[Stored entries]
=== Section Start ===
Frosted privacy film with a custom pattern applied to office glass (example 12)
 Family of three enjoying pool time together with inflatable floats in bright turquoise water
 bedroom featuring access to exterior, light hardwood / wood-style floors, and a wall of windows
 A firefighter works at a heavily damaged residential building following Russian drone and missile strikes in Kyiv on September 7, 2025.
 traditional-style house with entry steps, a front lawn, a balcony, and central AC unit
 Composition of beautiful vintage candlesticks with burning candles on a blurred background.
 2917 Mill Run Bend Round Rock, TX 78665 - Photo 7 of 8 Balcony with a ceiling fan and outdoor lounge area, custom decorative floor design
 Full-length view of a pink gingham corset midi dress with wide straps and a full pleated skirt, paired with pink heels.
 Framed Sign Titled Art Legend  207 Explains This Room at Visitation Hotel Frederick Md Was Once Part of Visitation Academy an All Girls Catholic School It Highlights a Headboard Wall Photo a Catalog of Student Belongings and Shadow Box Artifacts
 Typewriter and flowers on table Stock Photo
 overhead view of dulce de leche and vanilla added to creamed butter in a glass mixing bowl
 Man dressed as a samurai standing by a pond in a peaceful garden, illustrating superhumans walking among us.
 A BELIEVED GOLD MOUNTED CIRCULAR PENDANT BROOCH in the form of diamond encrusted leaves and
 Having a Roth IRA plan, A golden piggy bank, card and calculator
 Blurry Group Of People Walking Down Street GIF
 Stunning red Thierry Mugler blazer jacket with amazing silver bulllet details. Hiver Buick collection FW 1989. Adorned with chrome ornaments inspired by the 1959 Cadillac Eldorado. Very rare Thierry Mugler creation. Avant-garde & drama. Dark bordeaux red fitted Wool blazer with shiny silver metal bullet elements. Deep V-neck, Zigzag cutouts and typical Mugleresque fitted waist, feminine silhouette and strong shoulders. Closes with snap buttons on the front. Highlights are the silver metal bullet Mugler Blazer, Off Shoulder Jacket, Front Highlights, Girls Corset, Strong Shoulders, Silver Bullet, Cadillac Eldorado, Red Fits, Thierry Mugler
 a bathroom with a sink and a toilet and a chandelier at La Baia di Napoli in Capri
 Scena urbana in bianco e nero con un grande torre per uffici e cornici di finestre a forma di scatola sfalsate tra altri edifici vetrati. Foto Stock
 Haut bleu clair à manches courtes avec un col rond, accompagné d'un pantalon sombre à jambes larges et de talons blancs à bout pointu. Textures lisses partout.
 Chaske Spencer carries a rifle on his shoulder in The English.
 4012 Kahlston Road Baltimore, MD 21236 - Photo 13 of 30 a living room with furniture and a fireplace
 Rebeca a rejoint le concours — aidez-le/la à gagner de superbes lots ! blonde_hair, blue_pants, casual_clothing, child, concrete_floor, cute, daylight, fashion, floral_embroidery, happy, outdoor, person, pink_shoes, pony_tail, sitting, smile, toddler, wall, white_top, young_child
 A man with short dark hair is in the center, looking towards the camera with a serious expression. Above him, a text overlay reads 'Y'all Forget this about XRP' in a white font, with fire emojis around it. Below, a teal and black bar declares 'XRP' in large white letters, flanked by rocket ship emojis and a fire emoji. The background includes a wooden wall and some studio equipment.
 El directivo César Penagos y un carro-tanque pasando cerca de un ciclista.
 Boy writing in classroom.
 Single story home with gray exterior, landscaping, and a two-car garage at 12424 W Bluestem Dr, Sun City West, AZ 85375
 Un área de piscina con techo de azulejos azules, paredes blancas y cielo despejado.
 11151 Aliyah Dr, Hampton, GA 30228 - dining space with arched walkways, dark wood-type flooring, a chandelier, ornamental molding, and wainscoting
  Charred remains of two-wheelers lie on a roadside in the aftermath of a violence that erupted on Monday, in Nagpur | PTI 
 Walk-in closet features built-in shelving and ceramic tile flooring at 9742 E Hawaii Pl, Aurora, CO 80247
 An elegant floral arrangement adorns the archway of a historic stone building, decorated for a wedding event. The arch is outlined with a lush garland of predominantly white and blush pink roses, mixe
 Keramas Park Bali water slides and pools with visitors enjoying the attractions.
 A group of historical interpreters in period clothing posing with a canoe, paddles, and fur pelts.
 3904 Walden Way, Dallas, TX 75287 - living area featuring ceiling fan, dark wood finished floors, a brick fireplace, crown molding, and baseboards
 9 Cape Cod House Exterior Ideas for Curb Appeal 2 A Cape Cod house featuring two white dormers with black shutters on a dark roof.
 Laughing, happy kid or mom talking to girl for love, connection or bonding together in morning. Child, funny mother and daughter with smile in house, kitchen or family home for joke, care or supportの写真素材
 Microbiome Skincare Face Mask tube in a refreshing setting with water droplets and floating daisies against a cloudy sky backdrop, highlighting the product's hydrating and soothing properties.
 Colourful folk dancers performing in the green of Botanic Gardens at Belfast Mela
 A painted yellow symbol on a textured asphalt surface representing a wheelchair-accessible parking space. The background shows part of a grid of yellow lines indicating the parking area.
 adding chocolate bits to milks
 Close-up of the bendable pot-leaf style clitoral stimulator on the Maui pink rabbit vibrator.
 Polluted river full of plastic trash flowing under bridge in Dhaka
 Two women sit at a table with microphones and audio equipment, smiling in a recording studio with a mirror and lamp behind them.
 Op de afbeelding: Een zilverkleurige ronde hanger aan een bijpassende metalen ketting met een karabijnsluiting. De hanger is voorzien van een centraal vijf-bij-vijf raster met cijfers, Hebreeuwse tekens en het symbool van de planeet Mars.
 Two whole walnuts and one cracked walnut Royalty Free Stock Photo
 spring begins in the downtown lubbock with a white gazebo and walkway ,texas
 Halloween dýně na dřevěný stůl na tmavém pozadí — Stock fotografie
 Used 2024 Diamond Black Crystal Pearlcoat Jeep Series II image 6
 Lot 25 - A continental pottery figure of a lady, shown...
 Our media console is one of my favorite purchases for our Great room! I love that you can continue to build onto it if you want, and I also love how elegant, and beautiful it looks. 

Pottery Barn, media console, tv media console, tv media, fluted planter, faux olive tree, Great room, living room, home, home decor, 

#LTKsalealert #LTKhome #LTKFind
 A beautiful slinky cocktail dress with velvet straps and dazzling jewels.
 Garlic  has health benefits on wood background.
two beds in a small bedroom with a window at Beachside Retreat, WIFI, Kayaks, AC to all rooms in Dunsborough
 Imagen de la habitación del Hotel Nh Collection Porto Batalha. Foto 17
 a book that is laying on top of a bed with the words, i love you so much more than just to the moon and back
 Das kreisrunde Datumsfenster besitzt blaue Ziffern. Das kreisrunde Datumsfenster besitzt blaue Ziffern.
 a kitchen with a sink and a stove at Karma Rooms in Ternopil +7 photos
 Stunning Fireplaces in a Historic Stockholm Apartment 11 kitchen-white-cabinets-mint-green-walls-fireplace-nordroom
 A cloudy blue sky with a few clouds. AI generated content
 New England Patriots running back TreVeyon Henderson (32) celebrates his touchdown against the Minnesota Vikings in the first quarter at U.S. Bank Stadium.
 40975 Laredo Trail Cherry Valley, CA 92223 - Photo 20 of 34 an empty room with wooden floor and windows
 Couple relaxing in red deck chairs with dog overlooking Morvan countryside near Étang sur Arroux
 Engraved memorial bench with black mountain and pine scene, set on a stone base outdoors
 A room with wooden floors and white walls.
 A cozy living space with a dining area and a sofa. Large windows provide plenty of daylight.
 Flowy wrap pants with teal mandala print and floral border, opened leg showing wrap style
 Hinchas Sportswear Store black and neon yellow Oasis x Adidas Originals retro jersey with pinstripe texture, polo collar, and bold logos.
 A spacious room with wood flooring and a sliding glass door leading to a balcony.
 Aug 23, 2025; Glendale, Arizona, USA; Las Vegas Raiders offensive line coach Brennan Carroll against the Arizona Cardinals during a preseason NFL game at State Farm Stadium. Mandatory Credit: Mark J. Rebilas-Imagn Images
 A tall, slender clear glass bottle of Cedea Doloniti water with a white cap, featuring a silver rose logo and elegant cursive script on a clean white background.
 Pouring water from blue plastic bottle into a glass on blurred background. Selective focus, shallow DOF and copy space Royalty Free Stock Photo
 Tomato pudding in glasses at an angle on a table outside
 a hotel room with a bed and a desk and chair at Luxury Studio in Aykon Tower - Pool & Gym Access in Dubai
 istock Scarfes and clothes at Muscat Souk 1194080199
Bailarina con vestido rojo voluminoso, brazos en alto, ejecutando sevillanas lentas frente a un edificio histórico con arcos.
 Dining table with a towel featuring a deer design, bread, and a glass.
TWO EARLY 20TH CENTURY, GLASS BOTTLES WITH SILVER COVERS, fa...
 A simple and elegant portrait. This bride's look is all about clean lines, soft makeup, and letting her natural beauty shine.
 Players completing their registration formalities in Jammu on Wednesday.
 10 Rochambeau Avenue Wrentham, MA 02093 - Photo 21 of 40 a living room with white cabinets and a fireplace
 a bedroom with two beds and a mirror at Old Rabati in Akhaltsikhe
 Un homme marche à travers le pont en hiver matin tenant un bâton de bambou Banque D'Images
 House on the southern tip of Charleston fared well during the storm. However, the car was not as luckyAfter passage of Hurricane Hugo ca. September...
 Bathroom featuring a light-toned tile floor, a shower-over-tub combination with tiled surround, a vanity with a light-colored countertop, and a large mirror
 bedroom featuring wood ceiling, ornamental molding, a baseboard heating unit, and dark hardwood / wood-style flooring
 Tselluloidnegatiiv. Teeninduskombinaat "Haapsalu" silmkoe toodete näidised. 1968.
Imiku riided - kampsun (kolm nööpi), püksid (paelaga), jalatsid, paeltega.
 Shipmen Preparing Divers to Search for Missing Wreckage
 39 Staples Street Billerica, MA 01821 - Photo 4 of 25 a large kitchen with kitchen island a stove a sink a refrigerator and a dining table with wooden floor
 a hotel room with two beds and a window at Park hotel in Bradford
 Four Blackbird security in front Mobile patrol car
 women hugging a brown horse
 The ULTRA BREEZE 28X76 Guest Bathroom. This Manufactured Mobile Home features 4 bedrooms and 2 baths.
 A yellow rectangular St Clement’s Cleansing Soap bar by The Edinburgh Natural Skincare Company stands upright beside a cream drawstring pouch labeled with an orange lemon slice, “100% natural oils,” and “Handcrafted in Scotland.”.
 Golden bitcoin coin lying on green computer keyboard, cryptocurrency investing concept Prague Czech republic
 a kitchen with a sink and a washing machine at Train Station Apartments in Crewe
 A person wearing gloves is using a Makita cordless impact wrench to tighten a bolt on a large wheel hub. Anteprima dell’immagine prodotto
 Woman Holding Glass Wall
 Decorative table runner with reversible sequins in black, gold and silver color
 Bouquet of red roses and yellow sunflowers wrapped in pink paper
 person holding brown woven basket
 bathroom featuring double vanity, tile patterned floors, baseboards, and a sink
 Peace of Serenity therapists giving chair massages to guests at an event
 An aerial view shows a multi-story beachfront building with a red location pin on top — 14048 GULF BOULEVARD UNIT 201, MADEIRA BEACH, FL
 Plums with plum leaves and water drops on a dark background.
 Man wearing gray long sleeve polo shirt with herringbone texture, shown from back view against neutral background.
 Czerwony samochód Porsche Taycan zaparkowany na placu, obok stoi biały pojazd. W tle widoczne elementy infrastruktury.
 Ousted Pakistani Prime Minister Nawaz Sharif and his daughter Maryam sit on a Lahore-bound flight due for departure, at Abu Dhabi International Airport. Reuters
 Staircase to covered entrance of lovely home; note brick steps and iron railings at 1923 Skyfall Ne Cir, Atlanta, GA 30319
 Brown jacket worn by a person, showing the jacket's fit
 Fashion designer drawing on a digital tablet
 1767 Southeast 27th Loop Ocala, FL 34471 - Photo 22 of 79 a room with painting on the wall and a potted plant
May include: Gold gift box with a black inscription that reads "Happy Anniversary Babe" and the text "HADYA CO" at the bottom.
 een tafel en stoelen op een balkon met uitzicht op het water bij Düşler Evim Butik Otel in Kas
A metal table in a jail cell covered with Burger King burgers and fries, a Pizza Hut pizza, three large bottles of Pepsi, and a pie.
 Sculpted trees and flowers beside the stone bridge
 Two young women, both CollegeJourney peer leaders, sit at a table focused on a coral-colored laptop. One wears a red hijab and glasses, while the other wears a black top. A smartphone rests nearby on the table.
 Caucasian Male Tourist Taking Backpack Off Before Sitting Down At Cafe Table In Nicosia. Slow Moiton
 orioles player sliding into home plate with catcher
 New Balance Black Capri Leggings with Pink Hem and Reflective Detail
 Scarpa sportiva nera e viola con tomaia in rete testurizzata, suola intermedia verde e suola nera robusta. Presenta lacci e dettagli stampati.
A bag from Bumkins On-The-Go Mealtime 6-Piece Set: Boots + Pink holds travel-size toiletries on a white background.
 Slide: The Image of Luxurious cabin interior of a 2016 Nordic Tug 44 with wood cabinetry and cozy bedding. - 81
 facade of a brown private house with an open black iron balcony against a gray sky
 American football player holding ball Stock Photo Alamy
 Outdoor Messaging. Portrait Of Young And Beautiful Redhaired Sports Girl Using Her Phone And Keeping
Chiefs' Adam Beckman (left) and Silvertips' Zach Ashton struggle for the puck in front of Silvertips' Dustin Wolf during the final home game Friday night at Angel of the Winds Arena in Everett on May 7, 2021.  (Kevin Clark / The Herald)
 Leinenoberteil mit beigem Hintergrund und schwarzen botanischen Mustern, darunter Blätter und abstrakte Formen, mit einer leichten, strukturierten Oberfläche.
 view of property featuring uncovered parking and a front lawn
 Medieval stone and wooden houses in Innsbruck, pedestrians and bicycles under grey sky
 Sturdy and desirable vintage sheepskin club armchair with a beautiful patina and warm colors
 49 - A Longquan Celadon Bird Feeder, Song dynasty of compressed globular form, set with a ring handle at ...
=== Section End ===
## [Directions]
In the records, which lines use the word "person"? Report them.

## [Response to this exercise]
 Rebeca a rejoint le concours — aidez-le/la à gagner de superbes lots ! blonde_hair, blue_pants, casual_clothing, child, concrete_floor, cute, daylight, fashion, floral_embroidery, happy, outdoor, person, pink_shoes, pony_tail, sitting, smile, toddler, wall, white_top, young_child
 A person wearing gloves is using a Makita cordless impact wrench to tighten a bolt on a large wheel hub. Anteprima dell’immagine prodotto
 person holding brown woven basket
 Brown jacket worn by a person, showing the jacket's fit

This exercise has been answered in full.